I Am, I Am, I Am: Seventeen Brushes with Death by Maggie O'Farrell
The bestselling author of Hamnet recounts over a dozen encounters with death, encounters she never expected to survive — but miraculously did. From childhood illness to a dangerous stranger on a hiking trail, to car accidents, robberies, and brushes with illness and death of loved ones, this author has experienced some very low lows.
Through it all, she has gained a renewed lens through which to look at her life — as something full of beauty, wonder and surprise. As her daughter faces a daily struggle with a deadly condition, Maggie O’Farrell must remain resilient and attentive, determined to keep on living in the face of all she has survived, despite the fear she feels on behalf of those she loves.
Hard Bargain: What Life-Altering Experiences Taught Me About Faith, Friendship, and Family by Donald G. Denihan with Jon Land
For Donald Denihan, it was supposed to be the fishing trip of a lifetime. Instead, it ended up nearly costing him his life in a hard bargain he made with the sea. The book is best described as part gripping true adventure story and part self-reflection on how being on the doorstep of death helped him get a better grasp on what is really important in life.

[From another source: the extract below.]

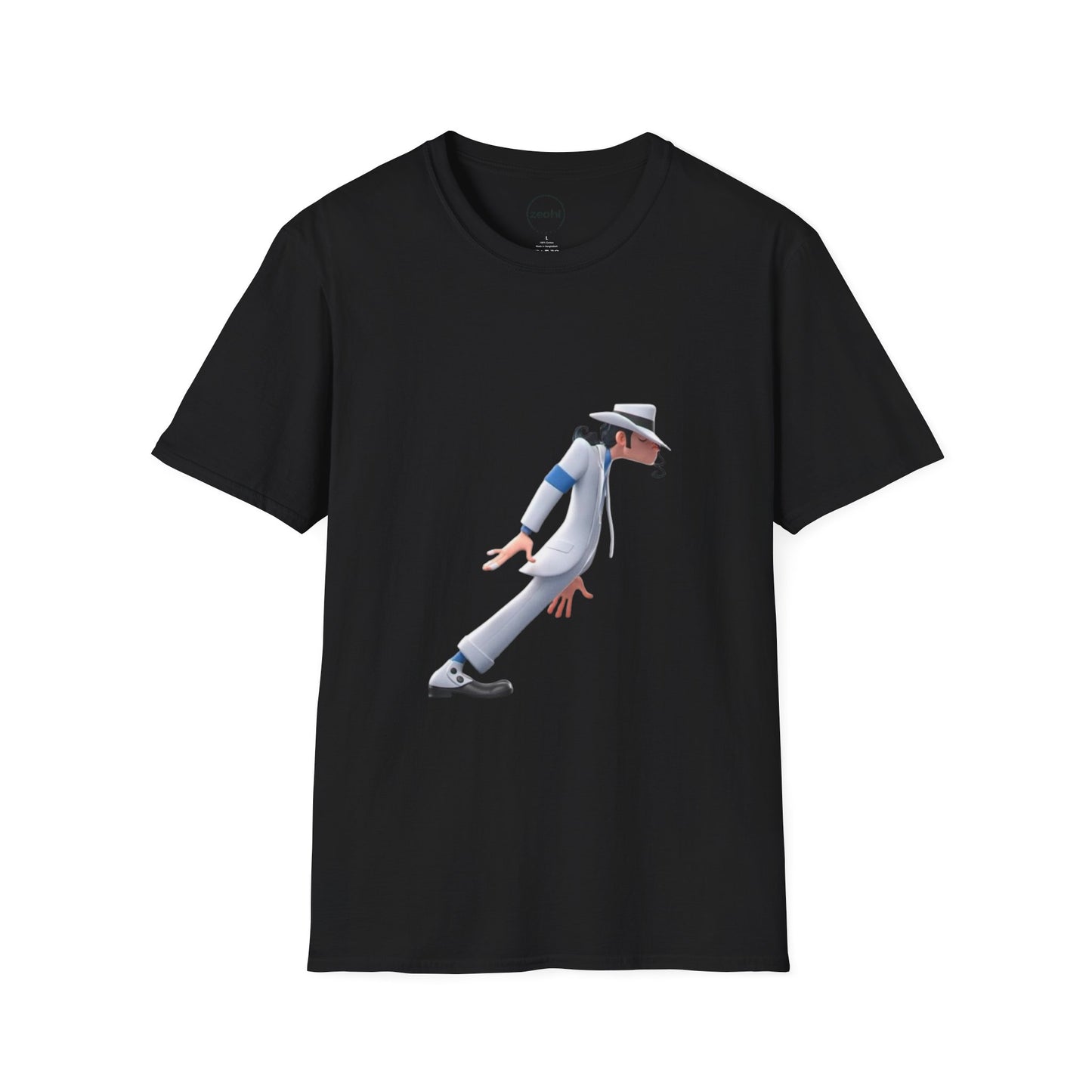 Playful Unisex Softstyle T-Shirt with Whimsical Design, Casual Tee for Everyday Wear, Gifts for Birthdays, Fun Summer Outfits, Cartoon [...]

Near-death experiences were nothing new to this successful real estate entrepreneur, though. At the age of 16, a hunting accident had nearly cost him his foot. Then at the age of 35, he was struck by the same aggressive form of prostate cancer that had killed his father. A decade later, one ill-fated boat trip confronted him with his own mortality yet again.
Through a long night of pounding rain and storm-swept winds, Donald faced off against everything the sea could throw at him. With the odds of survival dimming by the moment, his desperate efforts at sea were mirrored on land by the resourcefulness of friends and family who stop at nothing to save him before it’s too late.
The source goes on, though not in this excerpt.